* **Problem to work on**
Copy the first line of the entries below and every line after it through the line containing "Live the process". Do not include pictures.

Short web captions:
____________________

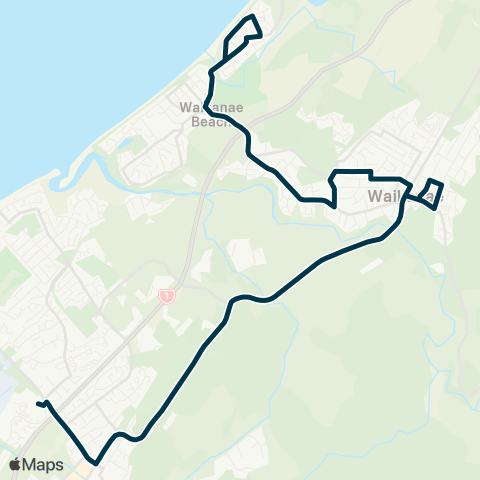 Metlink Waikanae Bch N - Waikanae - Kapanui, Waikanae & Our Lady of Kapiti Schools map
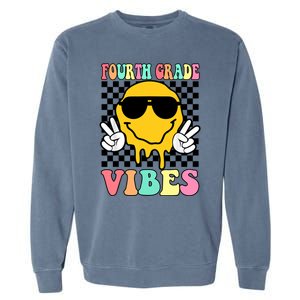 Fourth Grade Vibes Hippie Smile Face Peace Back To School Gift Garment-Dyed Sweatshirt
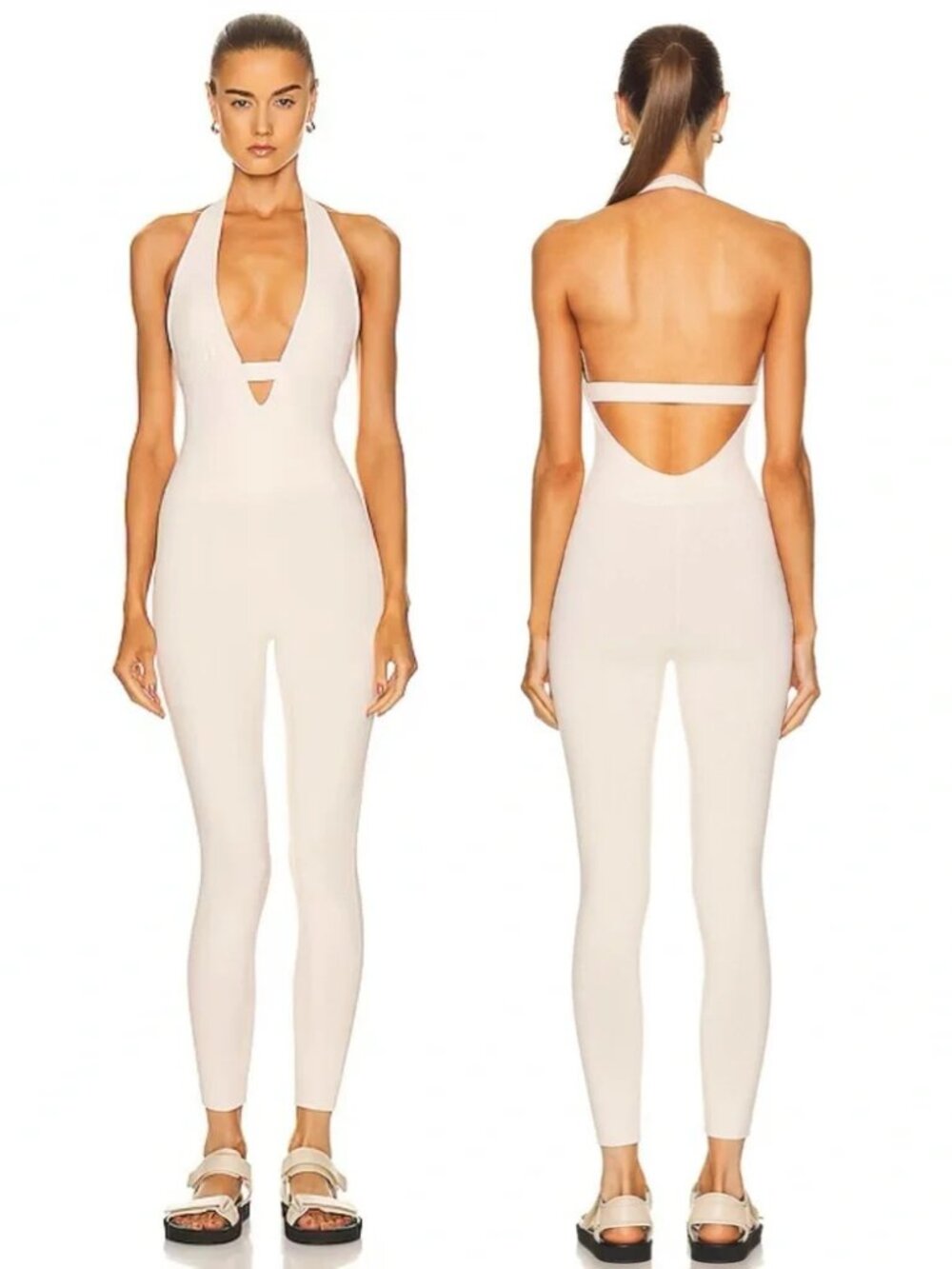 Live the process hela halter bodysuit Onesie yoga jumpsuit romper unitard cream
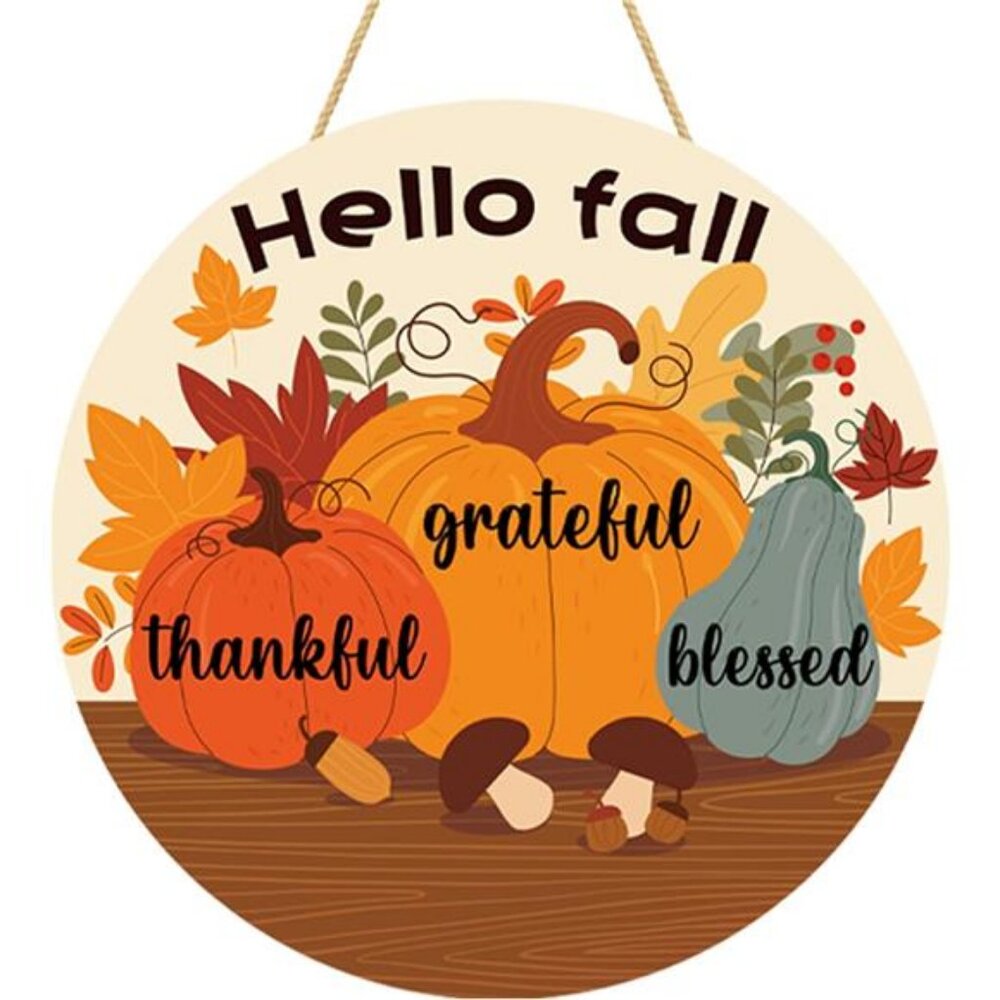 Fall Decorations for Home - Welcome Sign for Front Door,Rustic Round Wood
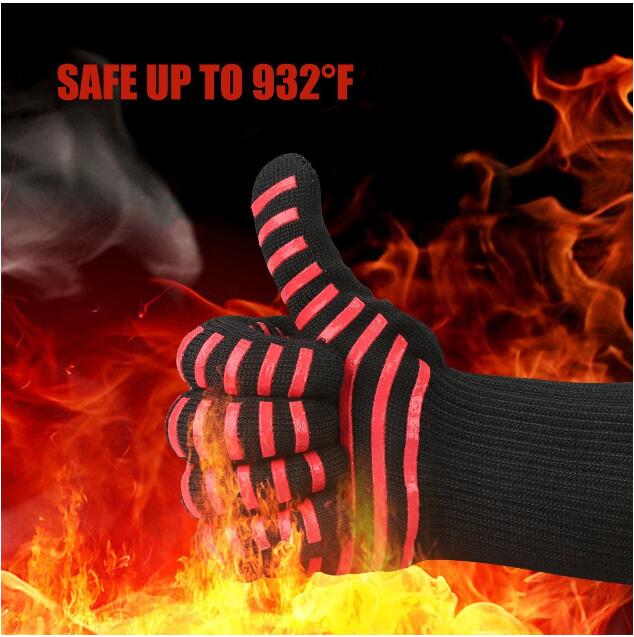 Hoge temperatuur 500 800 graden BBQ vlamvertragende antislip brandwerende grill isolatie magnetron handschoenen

____________________

* **Solution to this exercise**
 Metlink Waikanae Bch N - Waikanae - Kapanui, Waikanae & Our Lady of Kapiti Schools map
 Fourth Grade Vibes Hippie Smile Face Peace Back To School Gift Garment-Dyed Sweatshirt
 Live the process hela halter bodysuit Onesie yoga jumpsuit romper unitard cream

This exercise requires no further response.